Think about this: the earth is just one little planet in our solar system, in the whole Milky Way galaxy, which consists of about 100,000 stars, of which our sun is the average of below average size. Our galaxy, the Milky Way galaxy, is just one galaxy in the universe. There are innumerable galaxies within the known universe.

But our planet is special for this one reason: Christ died here. Man is given dignity because of the death of Jesus. Man looks to the heavens and sings the doxology because Jesus came to earth, He died on the cross for our sins, and He rose again on the third day.

Because of what Jesus has done, God has highly exalted Him and given Him the name that is above every other name. Jesus humbled Himself, but God has exalted Him above everything on the earth.

The angel told Joseph to call Him Jesus because He will save the people from their sins. He could save us because He was Emmanuel, God with us. And He came and saved us from our sins through his death on the cross, and God exalted His name above all other names. There is no other name that has the power of God, no other name that is equal or greater than that of Jesus.
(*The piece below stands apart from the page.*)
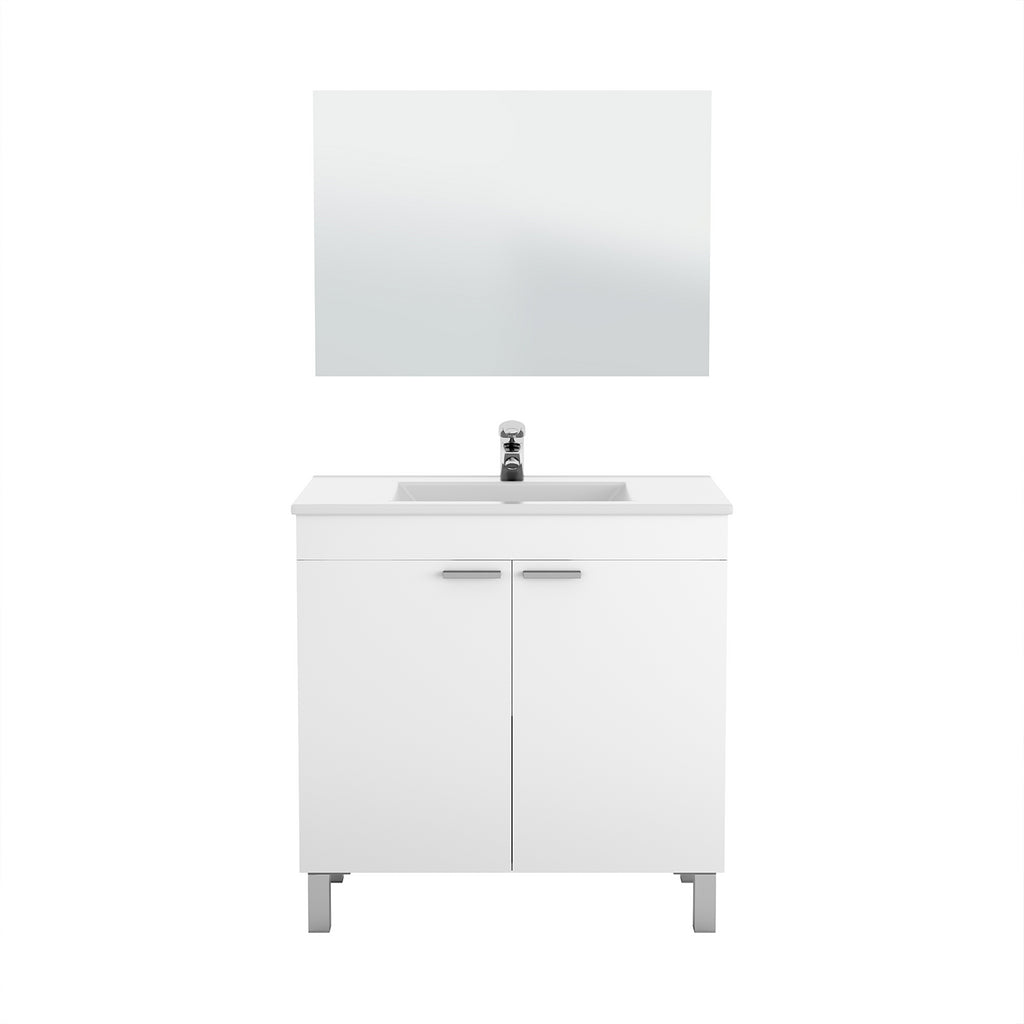 BALTIC 80cm Wide White Sink Unit 2 Door Under Basin Cabinet with Mirror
Scripture says that one day every knee will bow before the Lord Jesus Christ. He is the king of kings and lord of lords. Paul says that all of heaven knows it and will bow down to Him. He says that all of the earth will one day acknowledge that Jesus is Lord and will bow down before Him. He says that those under the earth –even those in hell – will bow before the Lord Jesus Christ, and every tongue will confess that Jesus Christ is Lord. Amen, and how I look forward to that day!

Friends, if you are here today and have not proclaimed Him as the Lord of your life, know that one day, you will proclaim Him as lord of the universe. Everything in heaven, in hell, and in the world belongs to Him already, whether you know it, whether you acknowledge it now or not. One day every knee will bow and every tongue confess that Jesus Christ is Lord.
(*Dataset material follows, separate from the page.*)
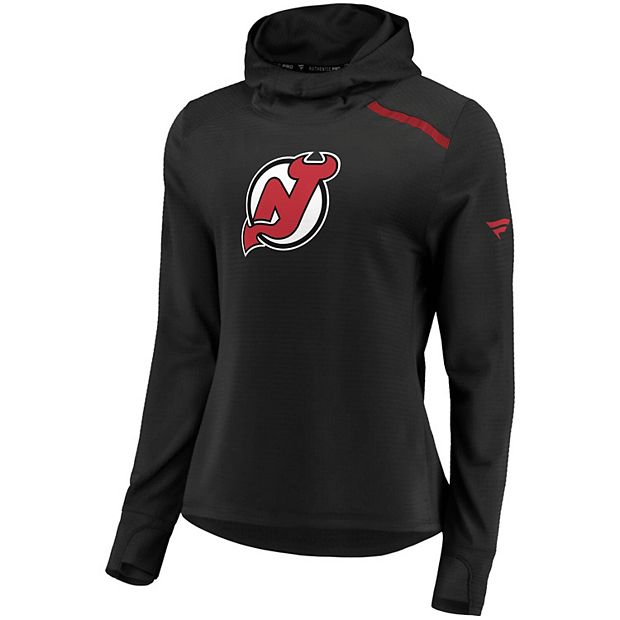 Youth Fanatics Branded Black New Jersey Devils Authentic Pro Pullover Hoodie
If you have never responded to His gospel, I pray that you do so today. We will have a time of invitation in just a little while for those that are here that have not already turned their lives over to Jesus. That would be the best way for you to respond to this time of Christmas celebration.

But how should we as Christians respond to this?
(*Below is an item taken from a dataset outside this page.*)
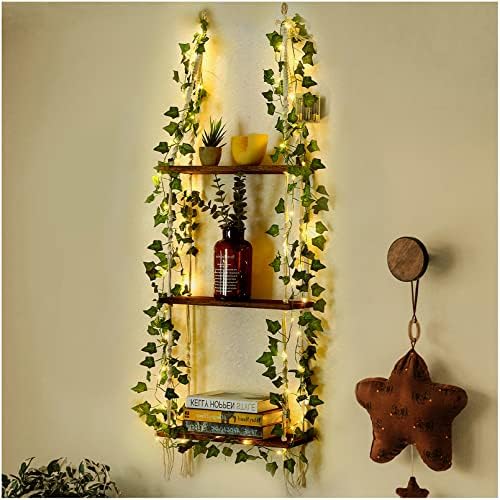 Hanging Shelf with Vine Lights(USB Powered), Macrame Shelf, Wall Shelf with Handmade Ropes, 3 Tier Floating Shelf, Boho Room Decor Aesthetic for Succulents, Bedroom, Living Room, Bathroom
“If then there is any encouragement in Christ, if any consolation of love, if any fellowship with the Spirit, if any affection and mercy, fulfill my joy by thinking the same way, having the same love, sharing the same feelings, focusing on one goal. Do nothing out of rivalry or conceit, but in humility consider others as more important than yourselves. Everyone should look out not only for their own interests, but also for the interests of others. Make your own attitude that of Christ Jesus.”

Paul is writing this letter to the Christians at Philippi as a practical guide for them. He is telling them to have the attitude of Jesus. Jesus humbled Himself and came to us in love. He was constantly giving of Himself for those around Him. He did nothing to glorify Himself, but was selfless, giving to others all that He could.

Christmas is a time of giving in response to the gift God gave to us in Jesus. It is a time of joy and a time of love. It is a time when people want to be together with loved ones. Christmas is a time of unity. As Christians, we should live as if every day is Christmas. We should celebrate the gift God gave to us, and we should be one in the fellowship of the Spirit. We should show mercy and grace to each other and to those for whom Jesus died. We should have an attitude like that of Christ, who humiliated Himself by becoming a man, living as a servant, and dying on the cross.


Jesus came to change the world, and He did. No longer are we “in sin and error pining.” We are no longer living in a time of darkness, awaiting the light. Instead, we are rejoicing in the salvation Jesus brought to us. We celebrate Christmas because it marks the night when God came to be with us. It truly is a holy night.

Truly He taught us to love one another;

His law is love and His gospel is peace.

Chains shall He break for the slave is our brother;

And in His name all oppression shall cease.

Sweet hymns of joy in grateful chorus raise we,

Let all within us praise His holy name.

Christ is the Lord! O praise His Name forever,

His power and glory evermore proclaim.

His power and glory evermore proclaim.